Jim Rickards: Money Printing Will Destroy Confidence At Some Point

Monday, April 14, 2014
By Paul Martin

Gold Silver Worlds
April 14, 2014

In a recent online presentation organized by bullion service provider GoldCore, Jim Rickards explained the current economic environment and what it means to gold investors. His main premise is that central bank intervention is very destructive in the long term and that there is no economic recovery. Gold investors should keep part of their wealth in physical form, not as an investment, but rather as wealth protection.

Jim Rickards on deflation and the risk of collapse:

The system is now larger than 2008 — make the system bigger and you’re going to have a bigger collapse. We are further down the timeline.

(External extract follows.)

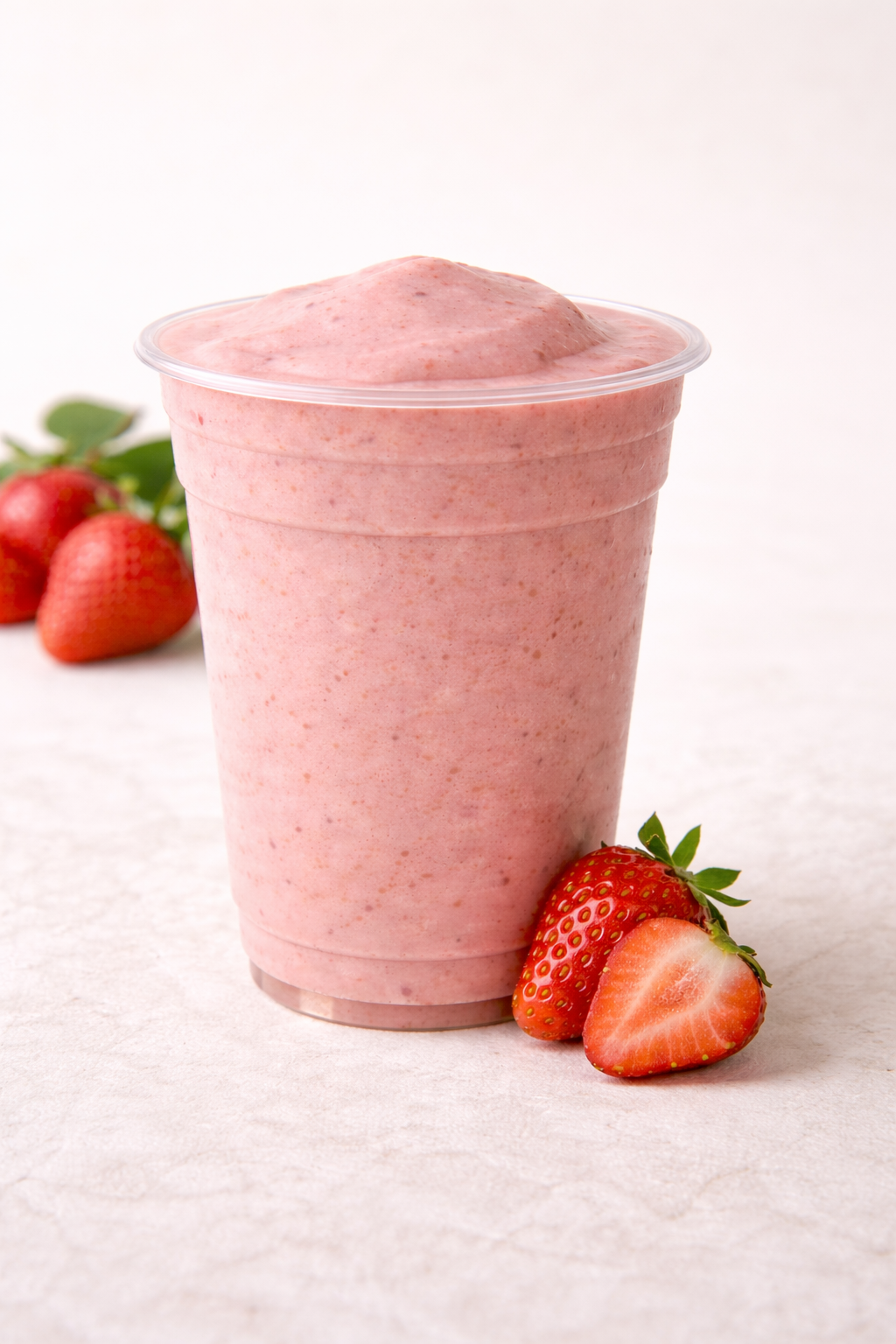 Strawberry Smoothie Drink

The ultimate thesis is that deflation is the biggest problem in the world. The world wants to deflate but central banks and governments cannot have deflation – it increases the debt-to-GDP ratio, destroys tax collection, creates bad debts and hurts the banks. So central banks will do anything to avoid deflation. The way they do this is to print money. But if you print too much money then you’ll collapse confidence in the U.S. dollar.

The U.S. dollar is ultimately backed by confidence, as also said by Paul Volcker. The Fed is insolvent on a mark to market basis. I came to this conclusion himself, but insiders have also told me this privately; they won’t say it publicly.

Money is a perpetual non-interest-bearing note issued by an insolvent central bank. How long can that go on before people walk away from it?